The Mudcat Café TM
Thread #115413   Message #2952102
Posted By: sonoftheseventh
25-Jul-10 - 06:27 PM
Thread Name: 1950s novelty songs
Subject: RE: 1950s novelty songs
I have loved reading about so many of the songs I knew then and many I had never heard or heard of before now. I graduated in '51. I just wish I could hear or even obtain copies of many of those listed in this thread. But does "Grandma Got Run Over By A Reindeer" qualify or did it come on too late? How about "Tony The Dago, A Son of The Beach" which was contemporary with "Der Fuehrer's Face," Spike Jones' "Beedlebaum," and "Tea For Two?" Then there is "Ballad of Thunder Road," from the Robert Mitchum movie of the same name; Frankie Laine's "Mule Train," and "Ghost Riders In The Sky." How about "John and Marsha," on which nothing is ever said but those two words? By the way, I believe this is the correct wording of "Battle of New Orleans" by Johnny Horton. I had this on an eight track cassette that I used as a test while servicing those popular machines in my electronics business in 1970 and must have heard it a thousand times:

"In 1814, we took a little trip,
along with Colonel Jackson, down the mighty Mississip.
We took a little bacon and we took a little beans,
and we fought the bloody British in the town of New 'Orleens.'"

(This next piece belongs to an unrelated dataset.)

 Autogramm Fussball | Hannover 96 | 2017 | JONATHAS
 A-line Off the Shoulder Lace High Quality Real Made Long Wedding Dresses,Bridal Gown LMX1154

"Well, we fired our cannons and the British kept a'comin,'
but there wasn't nigh as many as there was awhile ago.
We fired once more and they began to runnin,'
down the Mississippi to the Gulf of Mexico."

They ran through the briers and they ran through the brambles,
and they ran through the bushes where a rabbit couldn't go.
They ran so fast the hounds couldn't catch 'em,
down the Mississippi to the Gulf of Mexico."

Slight correction to Mousethief's preferred stanza, "...till the barrel melted down, then we grabbed an alligator and FOUGHT another round." I was born to a soldier father in the Seventh Cavalry which was George Armstrong Custer's outfit at the time of his great faux pas on the Little Big Horn, hence my sobriquet, sonoftheseventh. Therefore, all things Custer and Seventh Cavalry are special to me, as "Please, Mr. Custer, I Don't Want To Go." Also the "Garryowen," an ancient Irish drinking song for which I was named, became the Seventh's regimental march, battle cry, and motto as depicted in the movie, "They Died With Their Boots On," starring Errol Flynn. Probably not an exact match to the title of this thread, but perhaps you will forgive me.